Saturday, October 07, 2006

"Cohesion" in Tricorne Wars --

I have already (September 27, 2006) somewhat discussed "Morale Grades" in my SYW rules, Bluebear's "Tricorne Wars".

Today I wish to discuss "cohesion". Essentially, a unit's "morale grade" is an abstraction of how well they adjust to adversity. "Cohesion" is a measure of some types of that adversity.

Perhaps the easiest cohesion state to understand is "Separation". If a unit is in skirmish order, its component elements (stands) are "separated". The unit is in a state of Separation. But a unit is also in Separation if they are in terrain that has temporarily disrupted their normal order.

In both of the above-mentioned examples of "Separation", that state ends when the factor causing it ceases to be. If a skirmishing unit returns to a solid line; or a unit in "separating terrain" leaves it, "Separation" ends.

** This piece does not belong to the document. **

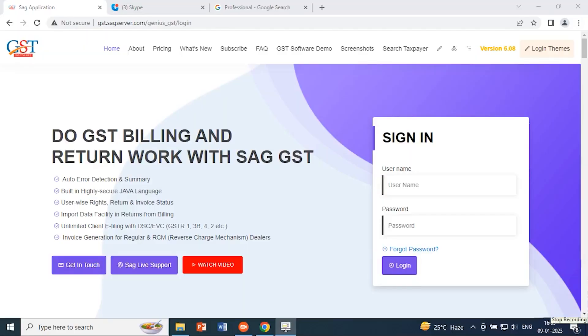Hello everyone, I am Makhendra Singh from SAG InfoTech. Today we will discuss our software Cloud GST, and our today's topic of discussion is GSTR 9.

However, Separation is a cohesion state that exists separately and along side the other cohesion states. These other states are:
  • Good Order -- your best cohesion; all set to follow orders and fight
  • Rattled -- minor loss of cohesion
  • Disordered -- more serious loss of cohesion; like Separation, but not cessation-cured
  • Shaken -- very serious loss of cohesion; unit is in bad shape; needs to rally
  • Broken -- all you can do is rout and hope that you can rally them
Please note that a unit could be (for example) both Separated and Shaken. When the cause for Separation ends, the unit will still be Shaken.

Colour stands

I hate little bits of colored pipe cleaner, cardboard chits, casualty caps, printed labels and various other ways which some games use to indicate a unit's status -- such as their current "cohesion".

Therefor, in "Tricorne Wars", I urge the use of "colour stands" to indicate the unit's current cohesion. It is a simple, yet effective way of showing it on the tabletop without destroying the visual impact of the battle.

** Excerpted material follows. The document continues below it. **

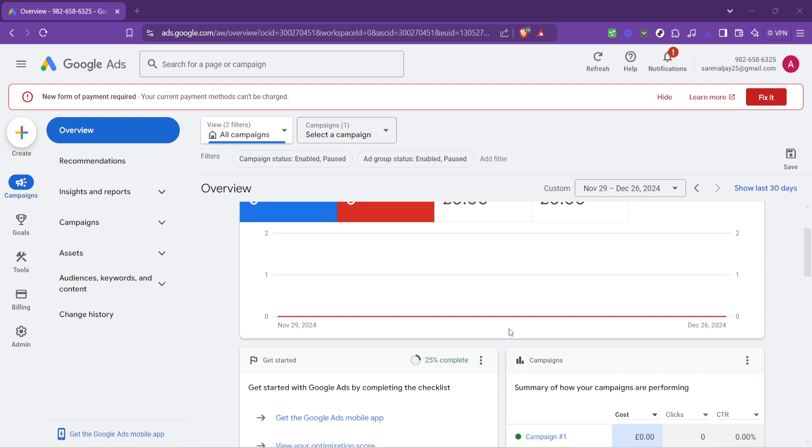First off, let's head over to Google Ads. You'll want to navigate to the overview page. That's where everything begins. You can find this by simply logging into your Google Ads account. Once you're there, take a moment to look around and familiarize yourself with the layout if you haven't already. It's going to be your command center for everything we're doing today.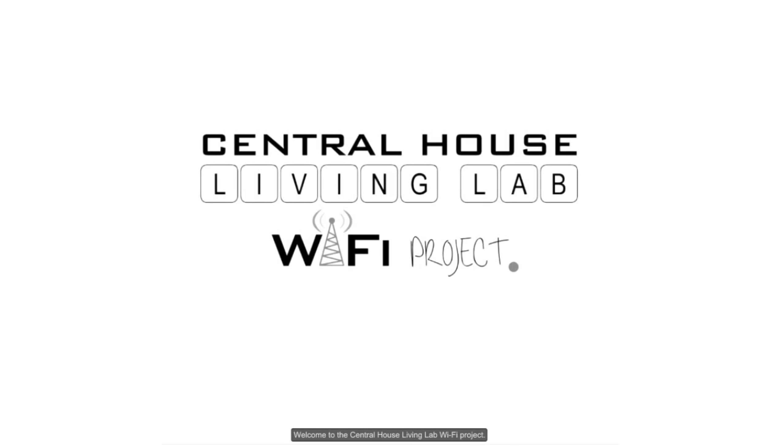Welcome to the Central House Living Lab Wi-Fi project. In the past, researchers have often struggled to connect building energy demand and occupancy.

In "Tricorne Wars", the unit's "command stand" will contain figures of an officer and musician -- but not any flags. The flags (or more appropriately, "colours") are mounted with their bearer by themselves on a full width (but often reduced depth) stand.

The position of this "colour stand" in relation to the rest of the unit determine's the unit's current cohesion:
  • Good Order -- Colour stand is in front of unit, leading it
  • Rattled -- Colour stand is in front line of unit -- often displacing command stand
  • Disordered -- Colour stand is behind unit, facing front of unit
  • Shaken -- Colour stand is also behind unit, but facing to the rear
  • Broken -- Colour stand is several inches behind unit, routing away
Because the Colour stand is really a "cohesion marker" rather than a part of the unit, I use it even for units, such as converged grenadiers or skirmishers that usually did not carry colours into battle.

Artillery is a bit of a different problem. Flags don't look right with artillery pieces . . . so I use a "Gun Captain". This is some sort of distinctive "artillery figure" mounted separately (rather than on the gun stand). His position (in front, beside, behind, etc.) can be used to show the current cohesion of the gun crew.

Note that those who object to flags with skirmishers may do a similar thing as long as it is clearly identified to your opponent.

Anyway, that's what I'm doing for Bluebear's "Tricorne Wars" . . . perhaps it will give you some ideas as well.